I was wondering why that is and did a little bit of research. To me it seemed that there were three major reasons:
- Nobody knows that electronic counters exist
- People Counting Systems are too expensive (Especially with a big display for the customers)
- The systems are complicated and require technicians for installation
I remembered the proof of concept from ST which used a really cheap sensor. The demo was very basic and was missing things like a proper user interface but it looked promising. Could that be a better people counter that addresses the above issues?
Fast forward to today and I spent half a year developing a working prototypes and learned a ton of things about people counters.
What you can find in this Instructable
I want to share my knowledge and show you how you can rebuild my latest prototype.
If you want to learn something interesting.
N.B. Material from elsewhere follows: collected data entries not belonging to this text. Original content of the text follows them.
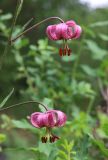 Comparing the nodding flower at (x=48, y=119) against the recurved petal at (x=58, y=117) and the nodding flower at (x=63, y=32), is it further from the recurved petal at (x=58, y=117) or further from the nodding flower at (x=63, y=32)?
the nodding flower at (x=63, y=32)

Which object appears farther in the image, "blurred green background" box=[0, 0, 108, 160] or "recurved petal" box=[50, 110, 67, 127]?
"blurred green background" box=[0, 0, 108, 160]

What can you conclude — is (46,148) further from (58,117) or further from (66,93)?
(66,93)

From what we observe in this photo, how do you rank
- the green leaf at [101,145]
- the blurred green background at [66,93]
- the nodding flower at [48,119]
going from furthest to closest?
1. the blurred green background at [66,93]
2. the green leaf at [101,145]
3. the nodding flower at [48,119]

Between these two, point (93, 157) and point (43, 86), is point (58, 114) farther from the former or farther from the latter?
point (43, 86)

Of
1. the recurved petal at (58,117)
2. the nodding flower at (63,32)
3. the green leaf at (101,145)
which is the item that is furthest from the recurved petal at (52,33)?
the green leaf at (101,145)

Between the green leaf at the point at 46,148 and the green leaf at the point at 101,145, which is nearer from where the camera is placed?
the green leaf at the point at 101,145

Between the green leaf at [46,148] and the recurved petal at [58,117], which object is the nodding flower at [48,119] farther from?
the green leaf at [46,148]

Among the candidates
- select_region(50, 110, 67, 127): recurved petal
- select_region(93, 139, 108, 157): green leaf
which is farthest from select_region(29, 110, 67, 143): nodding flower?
select_region(93, 139, 108, 157): green leaf

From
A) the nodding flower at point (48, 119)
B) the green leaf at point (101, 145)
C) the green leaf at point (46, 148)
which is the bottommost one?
the green leaf at point (101, 145)

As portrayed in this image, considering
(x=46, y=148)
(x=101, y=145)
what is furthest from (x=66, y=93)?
(x=101, y=145)

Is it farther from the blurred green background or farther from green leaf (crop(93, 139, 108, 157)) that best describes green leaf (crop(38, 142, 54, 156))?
green leaf (crop(93, 139, 108, 157))

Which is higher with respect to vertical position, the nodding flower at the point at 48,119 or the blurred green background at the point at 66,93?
the blurred green background at the point at 66,93

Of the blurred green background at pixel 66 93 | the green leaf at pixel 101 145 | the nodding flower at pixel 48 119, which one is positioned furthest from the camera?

If you are looking for a great Internet of Things project, be it for school, university or just a weekend project, you have come to the right place 🙂
I tried to make this Instructable educational, easy to understand and interesting at the same time. If you just want to build your own people counter and don’t care about the theory, you only need 3 steps marked with “Making”. The parts marked with “Theory” give you a lot of extra knowledge but can be skipped.
We are going to start with the theory. I am going to explain how a simple people counter works. We are also going to take a short dive into the different types of people counters that are already available and get a glimpse at how those systems work. Then we are going to get into our laser people counter and all of its inner workings.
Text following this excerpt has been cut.